Hazırlayan: Ahmet Kavruk


  • Türkiye’de resmi olarak açıklanan ilk Koronavirüs vakasının 1. yılına denk gelen zaman diliminde kuruluşunuzu ilan ettiniz. Bu sözünü ettiğimiz süreç içerisinde salgının neleri açığa çıkardığını düşünüyorsunuz? Hangi kesimler olumsuz etkilendi ve öte yandan devletin bu kesimlere yönelik olan sorumluluklarına dair neler söylemek istersiniz?
Mustafa Durmuş

Prof. Dr. Mustafa Durmuş: Öncelikle Covid-19 salgınının sermayenin doğa üzerinde kurduğu kâr çıkarımı amaçlı tahakkümün bir sonucu olduğunun altını çizelim. Öyle ki ormansızlaştırma ve vahşi doğaya kâr amaçlı yapılan müdahaleler yüzlerce yıldır bazı vahşi hayvanlarda var olan virüslerin hayvanlardan insana geçmesiyle sonuçlandı. Buna birde Çin’de olduğu gibi yaygın vahşi hayvan ticaretini dahil ettiğimizde koronavirüsün insanlara nasıl ve nereden bulaştığını daha net anlaşılabiliriz.

Bu virüs kapitalizmdeki bazı fay hatlarını ortaya çıkarttı. Bunların başında ticarileştirilmiş, özelleştirilmiş ve metalaştırılmış bu nedenle de çökertilmiş sağlık alt yapısı geliyor. Öyle ki dünyanın en büyük ekonomisine sahip, dünyanın en zenginlerinin yaşadığı, kişi başı sağlık harcamalarının 10.000 doları bulduğu ABD başta olmak üzere gelişkin kapitalist ülkeler dahi bu salgın karşısında çaresiz kaldılar.
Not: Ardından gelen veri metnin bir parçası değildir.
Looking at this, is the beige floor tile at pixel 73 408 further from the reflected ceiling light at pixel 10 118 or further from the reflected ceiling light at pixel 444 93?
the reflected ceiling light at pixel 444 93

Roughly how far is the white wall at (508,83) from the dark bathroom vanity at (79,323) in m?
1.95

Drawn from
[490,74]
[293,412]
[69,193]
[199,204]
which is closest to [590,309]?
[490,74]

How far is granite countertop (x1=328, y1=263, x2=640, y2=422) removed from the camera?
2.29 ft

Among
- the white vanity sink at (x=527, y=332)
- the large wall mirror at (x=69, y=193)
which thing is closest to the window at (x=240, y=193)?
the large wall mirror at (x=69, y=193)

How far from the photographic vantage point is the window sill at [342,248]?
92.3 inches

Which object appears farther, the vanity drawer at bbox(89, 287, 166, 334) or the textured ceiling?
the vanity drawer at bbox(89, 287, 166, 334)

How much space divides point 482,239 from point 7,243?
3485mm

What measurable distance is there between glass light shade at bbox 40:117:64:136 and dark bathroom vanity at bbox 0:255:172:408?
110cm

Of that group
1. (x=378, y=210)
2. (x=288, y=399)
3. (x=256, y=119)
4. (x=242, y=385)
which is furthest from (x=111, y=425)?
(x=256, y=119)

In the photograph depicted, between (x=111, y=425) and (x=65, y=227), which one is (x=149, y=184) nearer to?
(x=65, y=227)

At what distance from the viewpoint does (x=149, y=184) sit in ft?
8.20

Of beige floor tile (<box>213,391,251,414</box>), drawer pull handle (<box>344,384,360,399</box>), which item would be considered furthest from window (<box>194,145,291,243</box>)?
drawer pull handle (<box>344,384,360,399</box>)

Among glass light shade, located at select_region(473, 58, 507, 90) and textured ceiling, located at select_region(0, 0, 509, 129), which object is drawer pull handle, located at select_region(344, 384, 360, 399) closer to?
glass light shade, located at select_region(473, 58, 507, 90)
Yoğun bakım ünitelerinin, solunum cihazlarının yetersizliği ortaya çıktı. Bunlar yeterince üretilmiyordu çünkü bunların gelecek için depolanması çok maliyetli olduğundan özel sektör buna yanaşmıyordu.

Eşitsizlikler sağlık alanıyla sınırlı değil

Kuşkusuz yetersizlikler ve eşitsizlikler sadece sağlık alanı ile sınırlı değil. Başta eğitim olmak üzere yaşamın temelini oluşturan birçok alandaki yetersizlikler ve eşitsizlikler salgın ile birlikte gün yüzüne çıktı. İşçilerin salgın koşullarında dahi ciddi riskler altında çalışmaya zorlanmaları, buna karşılık servet zenginlerinin, işlerini evlerinden yönetebilen patronların durdukları yerde servetlerini büyütmeleri salgının ortaya çıkardığı sınıfsal eşitsizliklerle ilgili boyutlarını ortaya koyuyor.

Burjuva hükümetlerse, ülkelere göre farklı dozlarda olsa da, genel olarak salgın karşısında halkın sorunlarına ilgisiz kaldılar. Öyle ki ilk aldıkları önlem, insanlara gelir desteği sağlayarak tam kapanmanın sağlanması, böylece korunma yerine, finansal piyasaları, borsaları, büyük sermaye şirketlerini kurtarmak oldu.

Türkiye gibi ülkelerde ise salgın çok kötü yönetildi. Adı konmamış bir sürü bağışıklığı stratejisi uygulandı. Salgın yüzünden ortaya çıkan ekonomik çöküşün sonrasında iyice artan işsizliğe, yoksulluğa ve açlığa karşılık siyasal iktidarın halka dönük olarak yaptığı yardım sadece milli gelirin yüzde 1’ini biraz aşabiliyor ve ancak 55 milyar lirayı bulabiliyor. Yani bir kalemde bir büyük müteahhit firmanın ödemesi gereken 10 milyar liralık vergi borcunu silebilen devlet maalesef söz konusu halk olduğunda cimri davrandı. Üstelik devlet, bu salgını dönemini fırsat bilerek çok daha fazla otoriterleşti ve emek ve özgürlükler karşıtı çok sayıda düzenlemeyi de hayata geçirmeye başladı.

  • Salgın şartlarında temel çözümün gelir güvencesiyle desteklenen en az 21 günlük tam kapanma olduğunu savunuyorsunuz. Burada vurguladığınız temel gelir hakkı nedir ve neden önemlidir? Uygulanması ne kadar mümkün?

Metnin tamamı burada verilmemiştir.